In rural China, what used to be called home can easily become fragmented as family members and living conditions change. Such a phenomenon is common in rural areas. After the children start a family, the family begin to split up and start new families. The space distance between family members can easily divide the family. Meanwhile, without distance, relatives are likely to turn against each other. The architect tries to organize his multigenerational families through space, based on the specific situation of his family. This is an atypical "gathering house."
The home is planned on the blood relationship. There are two sons and one daughter in this family: elder son stays in the hometown, the daughter was married to a faraway place, and the younger son have own career in a distant city. Now all of the three have established their own family. Three small independent families have grown from the original family. The building presents a combination of four blocks in form, showing the relationship between the original family and the new families. A large traditional sloping roof covers three separate simple square boxes.
The first floor contains bedrooms for parents and grandmother as well as a public living room. Part of the second floor of the first floor is the suite of the daughter. Part of the third floor and the rest of the second floor are the elder son’s suites. Part of the fourth floor and the rest of the third floor are the younger son’s (architect) suites. The two floors of each suite are connected by a small stairwell. The public staircase connects the two sons’ suites. The daughter’s suite is on the east side, completely independent from the main living space.
In rural China, the elder son often takes more responsibility for the parental pension. Therefore, the elder son's suite is very close to the parents' space, facilitating taking care of parents. The younger son lives in another city and his suite is set on the upper floor. Different generations have different living needs: parents and grandmothers continue the traditional countryside lifestyle and children get used to the modern lifestyle.

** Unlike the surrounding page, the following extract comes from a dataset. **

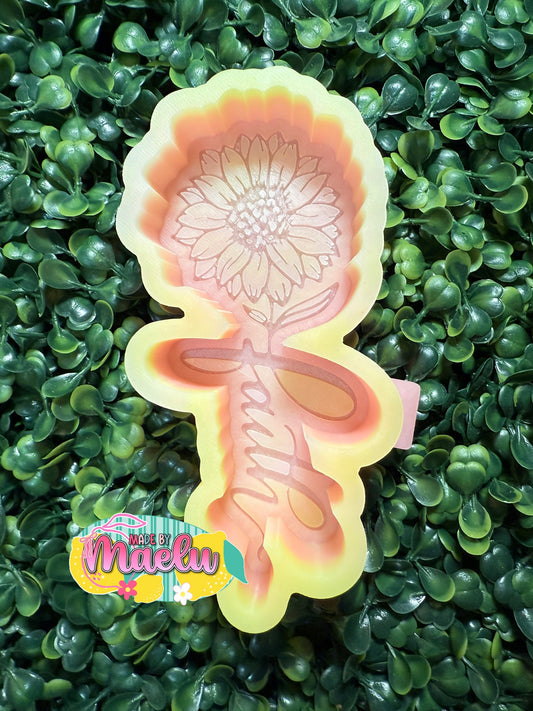 Faith Sunflower Freshie Mold | Silicone Freshie Mold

To meet different needs, the first floor applied the traditional rural layout with the courtyard space, decorated blue tile. The main living spaces of the mother and grandmothers are placed on the left and right sides of the main hall and the courtyard, which are also the center of the first floor.
Each of the three children has separate entrances to maintain privacy. Among them, the suites of sons adopt the form of hopping layout and different planning to meet different needs. The younger son’s suite introduced an open-air courtyard that runs through the upper and lower sides.
“Home” is not just a container for living. The architect wants to explore the essence of “home” through building a house according to blood relationship and evoke people to think about the relationship between architecture and social relationship.